Telstra Corporation: Constructing growth

About the author:

Nick Harris
Author name:
By Nick Harris
Job title:
Senior Analyst
Date posted:
03 February 2022, 8:00 AM
Sectors Covered:
Telecommunications, Technology

  • Telstra (ASX:TLS) has announced it will increase its capex budget over the next ~5 years as it invests ~$1.5bn of capex into two material infrastructure projects.
  • Project #1 is building ground based infrastructure (satellite base stations) and the fibre network/backhaul connecting those base stations across Australia. This is for global satellite company Viasat and secured with a 16.5-year contract.
  • Project #2 is a ~6x upgrade to TLS’s extensive but arguably outdated inter-capital fibre network. This new build should bring net new earnings but is also more speculative. TLS noted returns from project #2 are expected from a combination of BAU and net new cornerstone deals. We also think there is a reasonable interdependency between the two projects.

Event: bulging their backhaul

These two projects are largely around expanding TLS’s already extensive fibre network to increase coverage and capacity across Australia. Both projects are, to some extent, fibre backhaul upgrades across the country and have, in our view, some duplicate uses (eg base stations may need inter-capital fibre).

Project#1 (satellite base stations) is a net new project. Project#2 (inter-capital network upgrades) is a 6x increase in fibre capacity between major cities on a new dual fibre network. It can be argued that much of Project#2 is business as usual as TLS needed to upgrade its legacy inter-capital networks to meet growing data requirements from customers.

Offsetting this, management expects to derive net new business (incremental earnings streams) from Project#2.

Project #2 should help TLS keep up with growing customer demand for data (and lower operating costs on some legacy networks). On the net new side, it allows TLS to sell strands of inter-capital dark fibre to sophisticated customers including Cloud Service Providers.

Until recently TLS has not sold dark fibre services and this should open a new wholesale market for bandwidth-hungry customers.

The financial details and industrial logic

TLS has effectively increased its capex guidance for the next 5 years as it has committed to ~$1.5bn of capex to build two major infrastructure projects.

The bulk of the capex (~$350m pa in addition to BAU) is expected to be deployed from FY23-FY25. The build should be largely complete by FY26 when TLS expects the project to add ~$200m to EBITDA.

TLS points to a 9-year payback and mid-teen IRR on the combined spend.

Management believes TLS has a competitive advantage with respect to its build plans and this should provide some pricing power/protection. However, other carriers are also aggressively pursuing similar projects, and these projects have significant fixed cost leverage.
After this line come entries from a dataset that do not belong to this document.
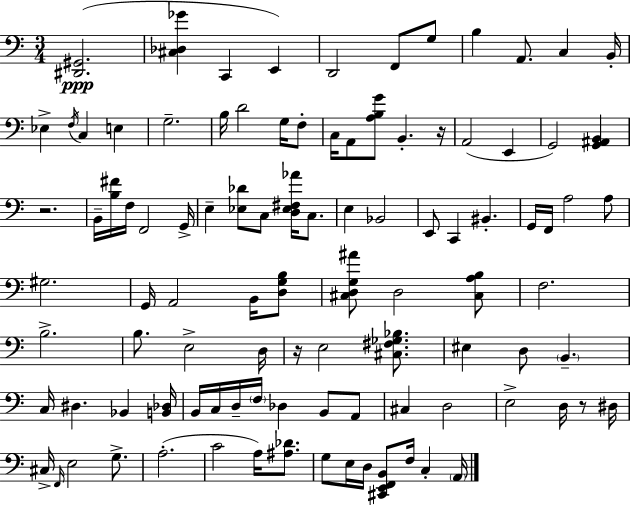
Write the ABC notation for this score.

X:1
T:Untitled
M:3/4
L:1/4
K:Am
[^D,,^G,,]2 [^C,_D,_G] C,, E,, D,,2 F,,/2 G,/2 B, A,,/2 C, B,,/4 _E, F,/4 C, E, G,2 B,/4 D2 G,/4 F,/2 C,/4 A,,/2 [A,B,G]/2 B,, z/4 A,,2 E,, G,,2 [G,,^A,,B,,] z2 B,,/4 [B,^F]/4 F,/4 F,,2 G,,/4 E, [_E,_D]/2 C,/2 [D,_E,^F,_A]/4 C,/2 E, _B,,2 E,,/2 C,, ^B,, G,,/4 F,,/4 A,2 A,/2 ^G,2 G,,/4 A,,2 B,,/4 [D,G,B,]/2 [^C,D,G,^A]/2 D,2 [^C,A,B,]/2 F,2 B,2 B,/2 E,2 D,/4 z/4 E,2 [^C,^F,_G,_B,]/2 ^E, D,/2 B,, C,/4 ^D, _B,, [B,,_D,]/4 B,,/4 C,/4 D,/4 F,/4 _D, B,,/2 A,,/2 ^C, D,2 E,2 D,/4 z/2 ^D,/4 ^C,/4 F,,/4 E,2 G,/2 A,2 C2 A,/4 [^A,_D]/2 G,/2 E,/4 D,/4 [^C,,E,,F,,B,,]/2 F,/4 C, A,,/4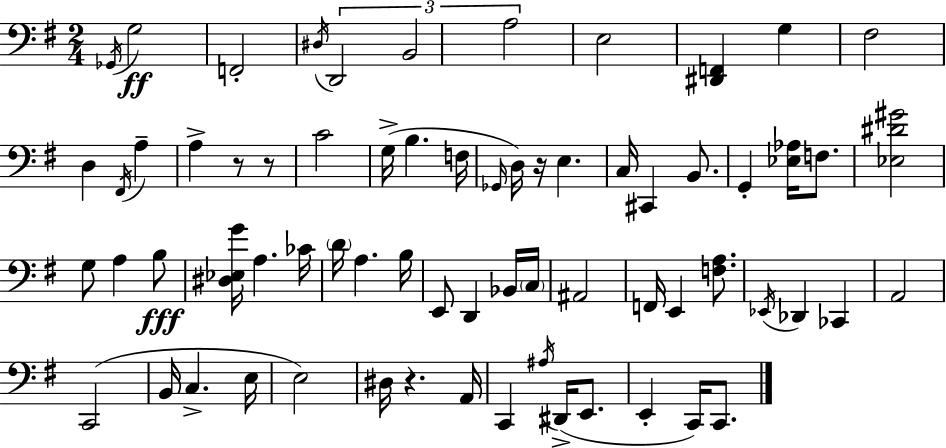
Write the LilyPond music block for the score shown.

{
  \clef bass
  \numericTimeSignature
  \time 2/4
  \key g \major
  \acciaccatura { ges,16 }\ff g2 | f,2-. | \acciaccatura { dis16 } \tuplet 3/2 { d,2 | b,2 | \break a2 } | e2 | <dis, f,>4 g4 | fis2 | \break d4 \acciaccatura { fis,16 } a4-- | a4-> r8 | r8 c'2 | g16->( b4. | \break f16 \grace { ges,16 } d16) r16 e4. | c16 cis,4 | b,8. g,4-. | <ees aes>16 f8. <ees dis' gis'>2 | \break g8 a4 | b8\fff <dis ees g'>16 a4. | ces'16 \parenthesize d'16 a4. | b16 e,8 d,4 | \break bes,16 \parenthesize c16 ais,2 | f,16 e,4 | <f a>8. \acciaccatura { ees,16 } des,4 | ces,4 a,2 | \break c,2( | b,16 c4.-> | e16 e2) | dis16 r4. | \break a,16 c,4 | \acciaccatura { ais16 } dis,16->( e,8. e,4-. | c,16) c,8. \bar "|."
}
In our view, competition has the potential to crimp return expectations, if not all players remain economically rational.
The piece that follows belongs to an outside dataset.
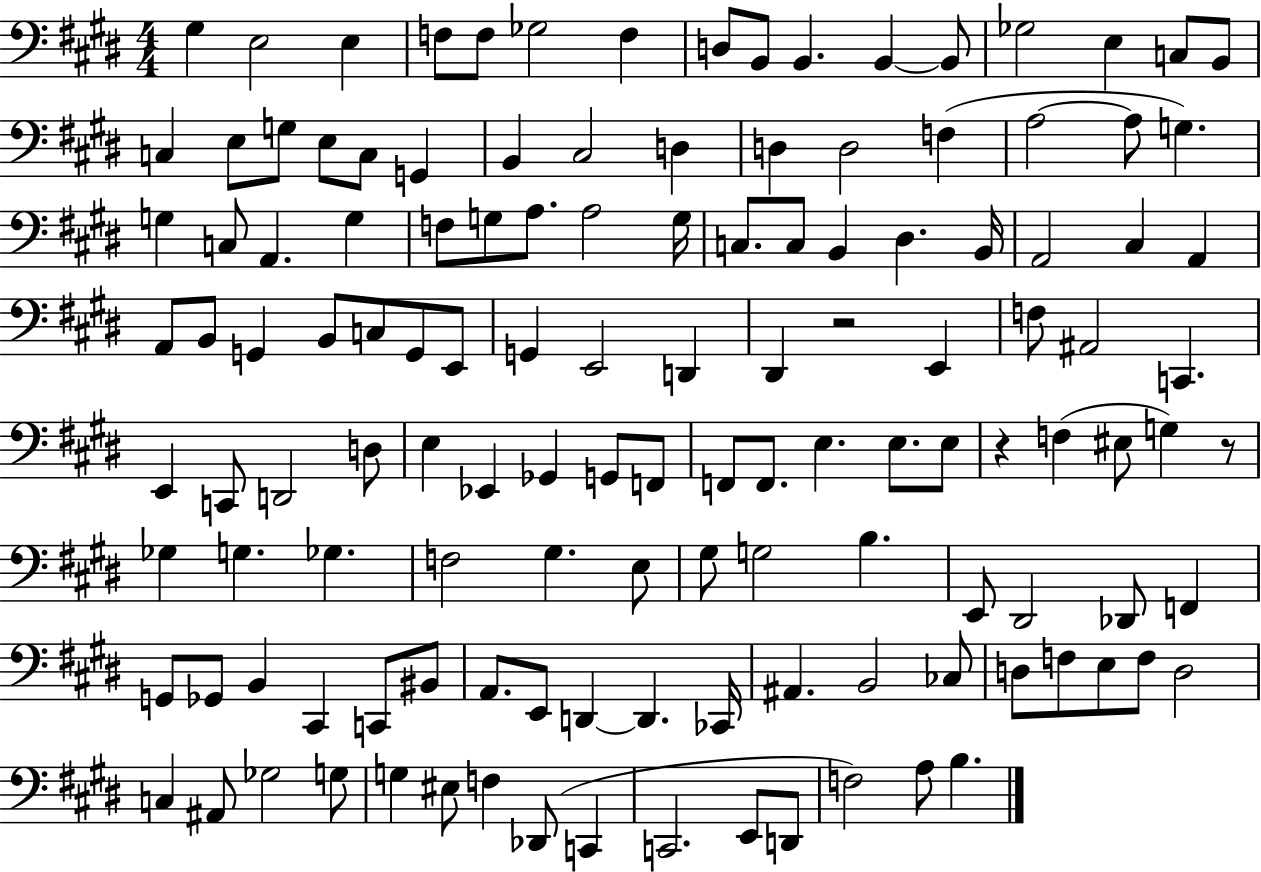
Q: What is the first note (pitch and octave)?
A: G#3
Forecast and valuation update

We have updated our forecasts to reflect the project, noting that the spend/capex commences from FY23 but returns/EBITDA is not meaningful until FY26.
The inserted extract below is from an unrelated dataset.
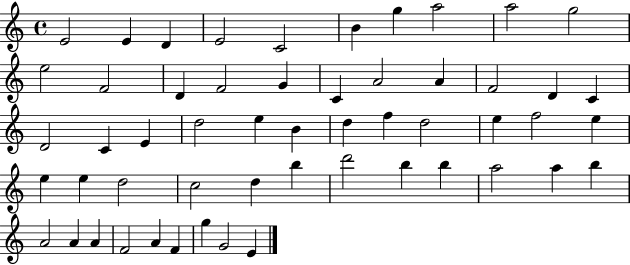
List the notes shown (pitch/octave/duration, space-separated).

E4/h E4/q D4/q E4/h C4/h B4/q G5/q A5/h A5/h G5/h E5/h F4/h D4/q F4/h G4/q C4/q A4/h A4/q F4/h D4/q C4/q D4/h C4/q E4/q D5/h E5/q B4/q D5/q F5/q D5/h E5/q F5/h E5/q E5/q E5/q D5/h C5/h D5/q B5/q D6/h B5/q B5/q A5/h A5/q B5/q A4/h A4/q A4/q F4/h A4/q F4/q G5/q G4/h E4/q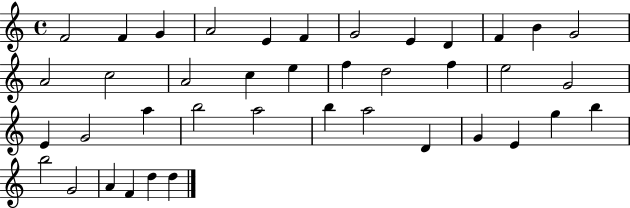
F4/h F4/q G4/q A4/h E4/q F4/q G4/h E4/q D4/q F4/q B4/q G4/h A4/h C5/h A4/h C5/q E5/q F5/q D5/h F5/q E5/h G4/h E4/q G4/h A5/q B5/h A5/h B5/q A5/h D4/q G4/q E4/q G5/q B5/q B5/h G4/h A4/q F4/q D5/q D5/q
We have also updated our model following reclassifications/changes to TLS’s business segment reporting. The net result is immaterial changes to our EPS forecasts in FY22-24 and our price target edging 1cps higher to (login to view).

Investment view

Add retained. Sector dynamics look positive and value realisation is possible.

Price catalyst

  • More details following the release of TLS’s result on Thursday 17 February.
  • Proof points supporting industry rationality (ARPU rises sticking and FCF growing).
  • SOTP realisation (new business units track record, partial divestments, and full divestments of small holdings eg the potential IPO of Foxtel).

Risks

Key risks relate to industry pricing remaining rational and realisation of value drivers.